* Task input
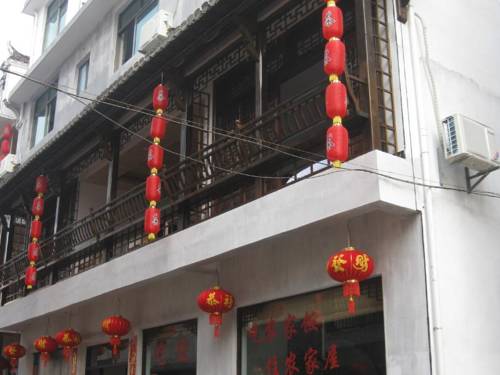 Wuyuan China Traveller Hotel Gutscheincode Booking.com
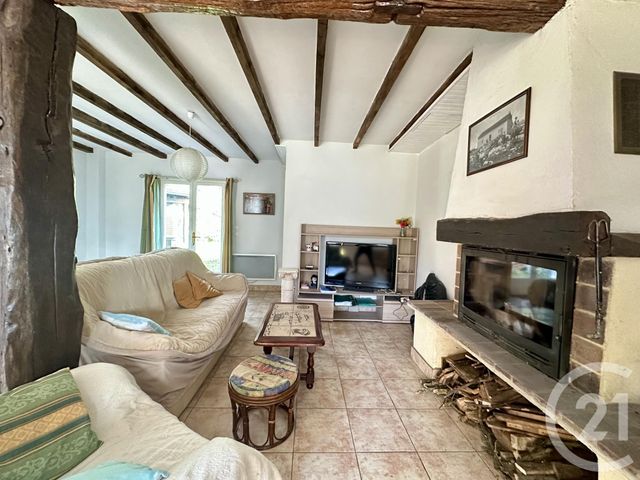 maison à vendre - 6 pièces - 116.65 m2 - COMMUNE NOUVELLE D ARROU - 28 - CENTRE - Century 21 Doussain Philippon Immobilier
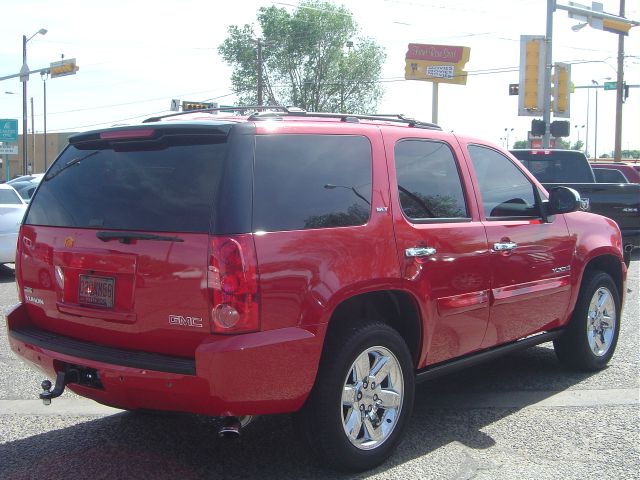 2009 GMC Yukon 4.2L LTHR Hseats XM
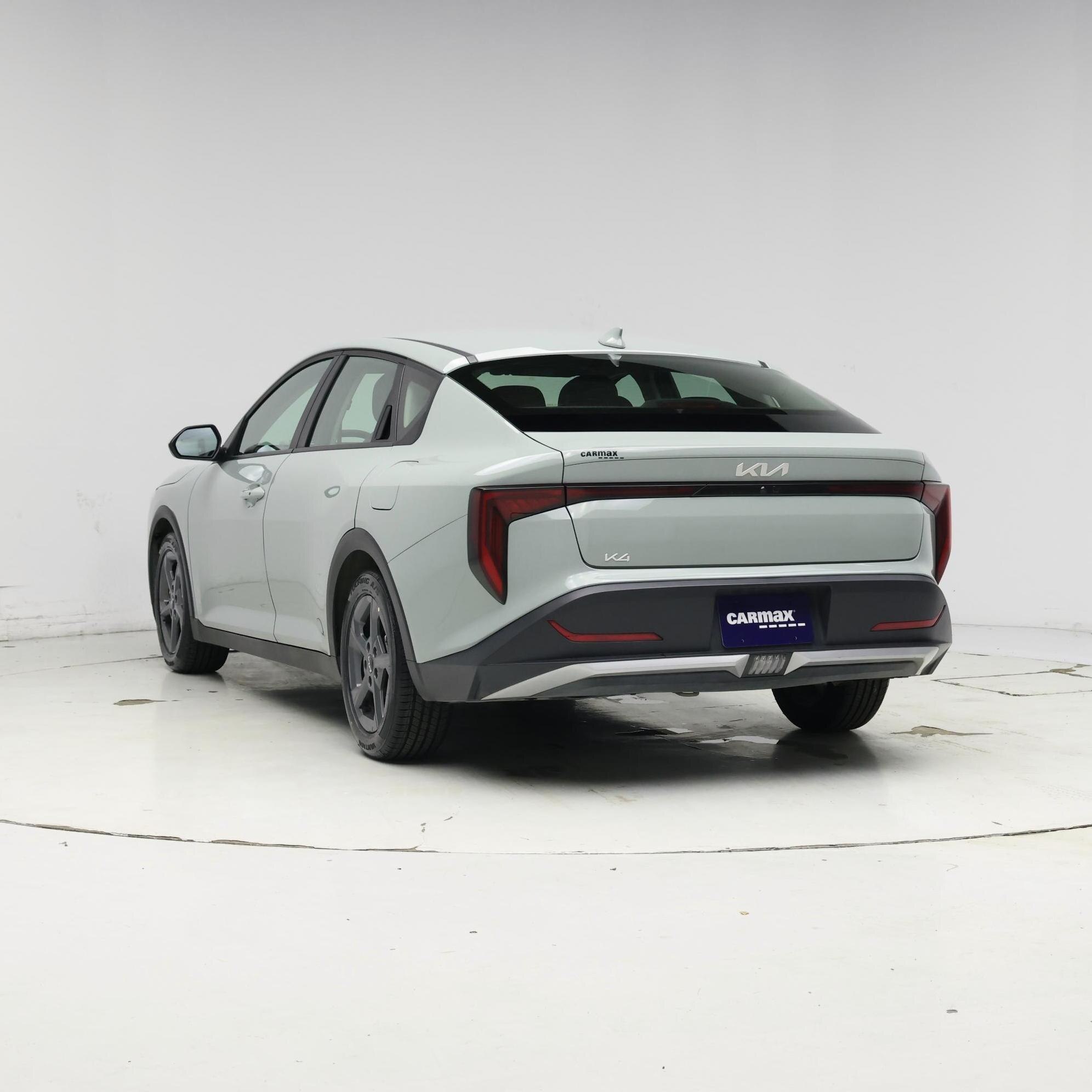 Thumbnail: 2025 Kia K4 - 2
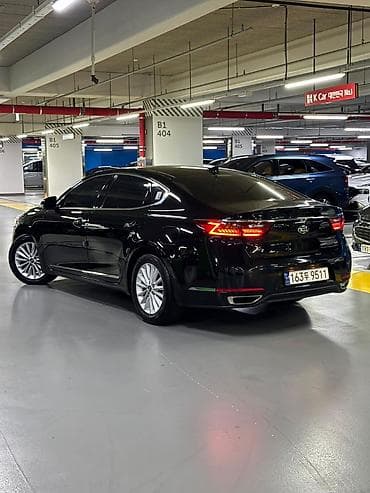 Kia K7: 2019 г., 3 л, Автомат, Газ, Седан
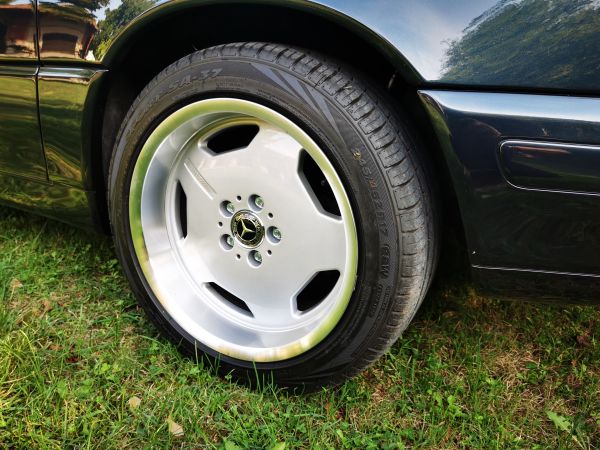 Mercedes-Benz 280 SL 1996 135282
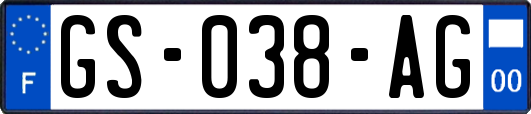 GS-038-AG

* Exercise instructions
In the records above, find the line that contains "maison à vendre". Retype it and every line after it, exactly, leaving out all pictures.

* Result for this task
 maison à vendre - 6 pièces - 116.65 m2 - COMMUNE NOUVELLE D ARROU - 28 - CENTRE - Century 21 Doussain Philippon Immobilier
 2009 GMC Yukon 4.2L LTHR Hseats XM
 Thumbnail: 2025 Kia K4 - 2
 Kia K7: 2019 г., 3 л, Автомат, Газ, Седан
 Mercedes-Benz 280 SL 1996 135282
 GS-038-AG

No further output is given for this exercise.